Jones suffered her first epileptic seizure in 2010, shortly after the onset of perimenopause. The author of Gotham Girl Interrupted has since endured hundreds more seizures, including two that led to multiple broken bones in her face, requiring extensive reconstructive surgeries.
Early on, Jones tried to minimize her illness. “You don’t want to be a burden, and you don’t want to be a source of drama,” she says. Aware of the stigma associated with epilepsy, she told only close family and two friends about her condition. When she moved with her youngest child to a new city, she felt completely isolated.
“I couldn’t tell my new employer about this or they would start to doubt me,” Jones says. “And if they started to doubt me, I could lose my authority, my job, and my health insurance.”
Over time, her seizures made it unsafe for her to operate a car. One day she took a bus to pick up her child from school, and another mother she barely knew, Camille, offered to give them a ride home.

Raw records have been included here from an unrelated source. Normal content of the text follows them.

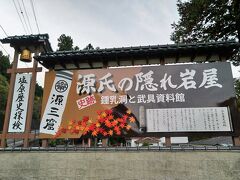 本命のもみじ谷大吊橋と紅の吊橋は制覇したので、サクッと行けるところを回ります。
次にやってきたのは「源三窟」というところ。

源三窟は鍾乳洞と鎌倉時代の武具が飾られてある観光施設です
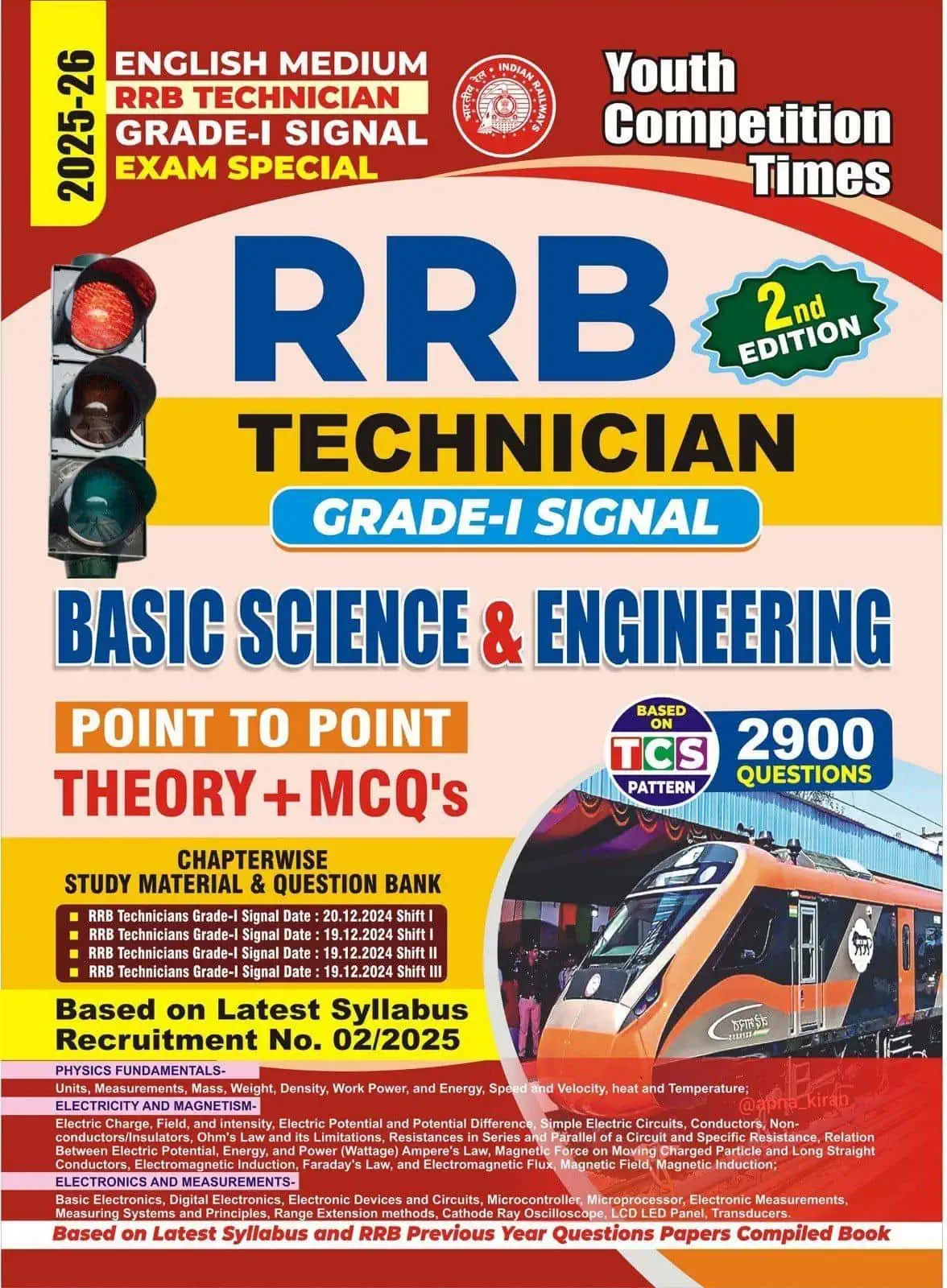 YCT 2025-26 RRB Technician Grade-1 Signal BASIC SCIENCE & ENGINEERING Point-to-Point Theory + MCQs [English Medium]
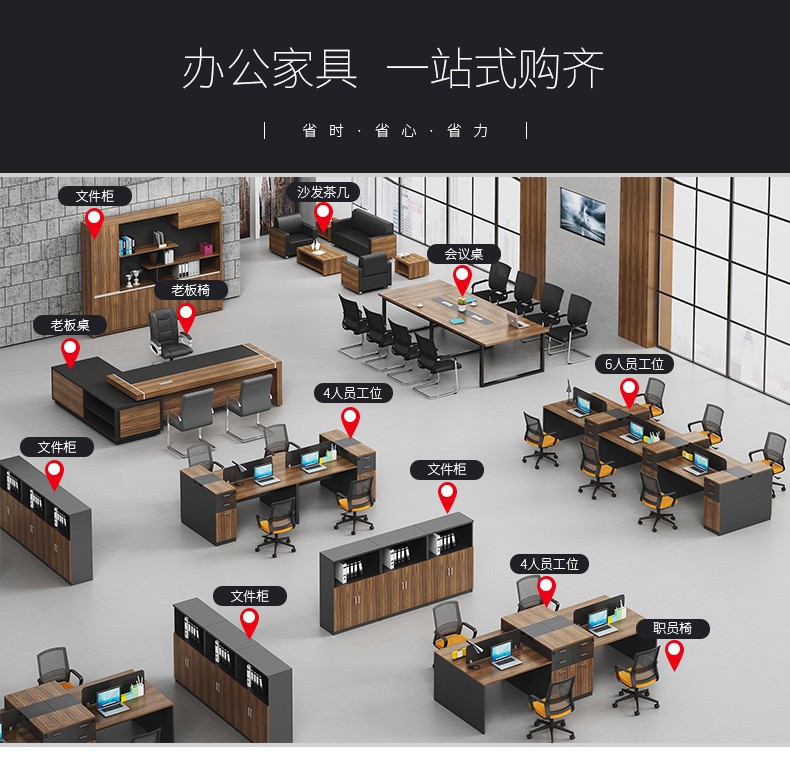 美轩戈办公桌椅组合职员桌现代简约办公家具 四人位员工桌电脑桌屏风办公桌工位 单购活动柜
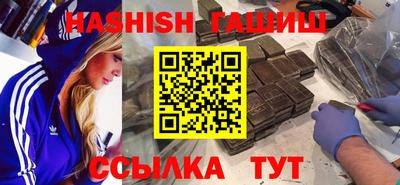 винт Чебоксары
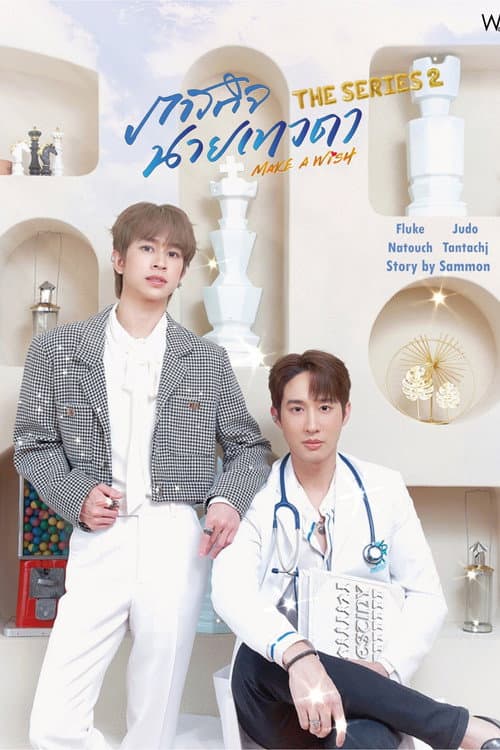 天使先生的使命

This gesture ended her isolation. It brought Jones into a circle of other supportive women; what’s more, Camille found a house in her family-friendly neighborhood for Jones and her child to rent.
“We all took care of each other,” Jones says, recalling game nights and tag-teaming childcare when anyone in the close-knit group needed help. “It was just a really remarkable group of women looking out for each other.”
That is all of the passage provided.